As of late January 2026, Doodla's inventory and fulfillment operation has reached a critical failure point. The chaos is directly suppressing sales revenue — and because Asymmetric's compensation is a 4% commission on sales, stockouts hurt both parties. A "come to Jesus" call has been proposed for early the week of Feb 2 to renegotiate the engagement model.
Discussed in: [1]
Jason (Doodla's primary operations person) is simultaneously handling:
- B2C order fulfillment
- B2B order fulfillment
- Amazon FBA shipments
- Physical farming work
- Product cleaning and bagging
He is stretched beyond capacity. Amazon orders are being delayed by weeks — one order couldn't ship until Feb 12, with the next batch pushed two weeks further.
Inventory shortages (bags, clean product, cornmeal, black beans) are recurring and directly halt sales. The most damaging example: a stockout immediately after Thanksgiving caused a sharp revenue dip that persisted through November and December. The pattern is likely to repeat.
Karly's team is absorbing significant uncompensated operational work.

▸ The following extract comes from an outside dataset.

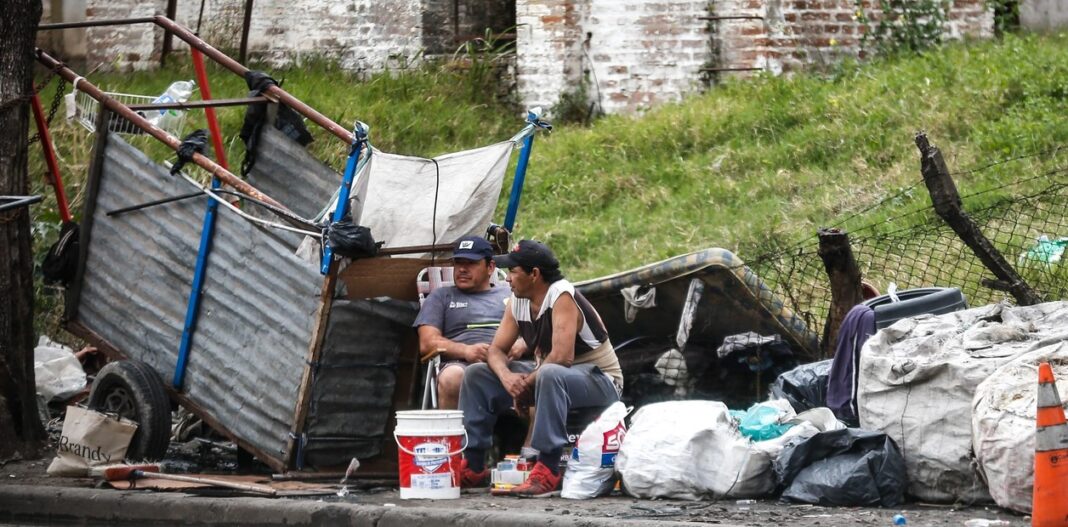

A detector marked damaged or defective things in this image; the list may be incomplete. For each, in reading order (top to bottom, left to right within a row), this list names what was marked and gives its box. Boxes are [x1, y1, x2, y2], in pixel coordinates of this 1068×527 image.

rusty metal pole [38, 48, 288, 209]
rusty metal pole [914, 131, 1038, 303]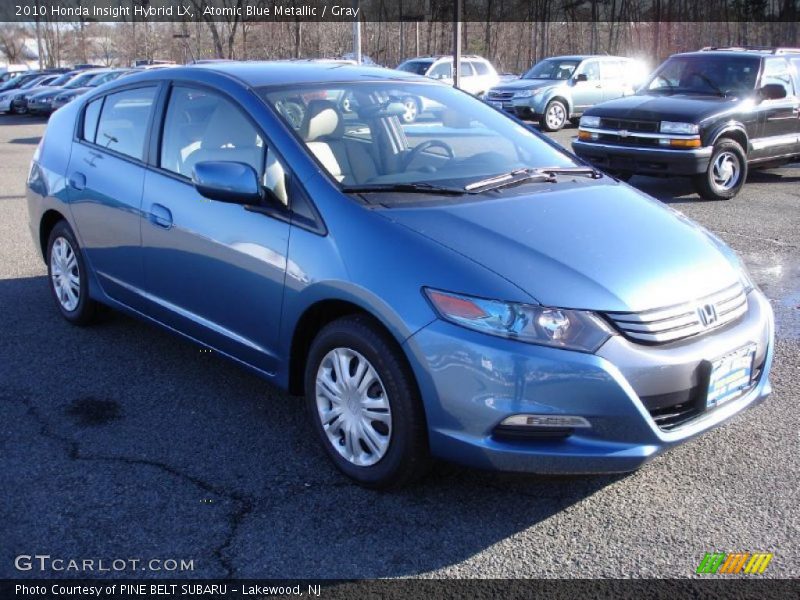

A single order recently broke into 10 separate shipments, requiring over an hour of manual sorting, labeling, and folder organization just to hand off to Jason. This is not sustainable at a 4% commission rate.
There is no clear owner of inventory management at Doodla. Decisions aren't made, reorder quantities aren't tracked, and the operation is run out of what amounts to a garage-scale setup that can no longer support the volume.
Karly to schedule for Monday or Tuesday, Feb 2–3. Mark will lead the negotiation.
Asymmetric takes over all fulfillment operations, including:
- Negotiating warehouse space in Edgerton
- Hiring and managing labor (est. 2 workers × $15/hr × 40 hrs/wk = ~$5,000/month in labor alone)
- Receiving product from the farm
- Packing, labeling, and shipping — product never returns to the farm
The current 4% is unsustainable given the expanded scope. The proposed target is 10% commission, which would cover:
- ~$6,000–$7,000/month in incremental operational costs (labor + warehouse)
- The existing $4,000/month marketing retainer remains in place
At projected sales levels, 10% would generate ~$13,800/month — enough to cover costs and make the expanded scope worthwhile.
An alternative framing discussed: Asymmetric sets up a separate entity, buys beans from Doodla at a fixed price (e.g., $2/lb), and keeps the margin between cost and Amazon net proceeds. This was flagged as a more complex option to revisit.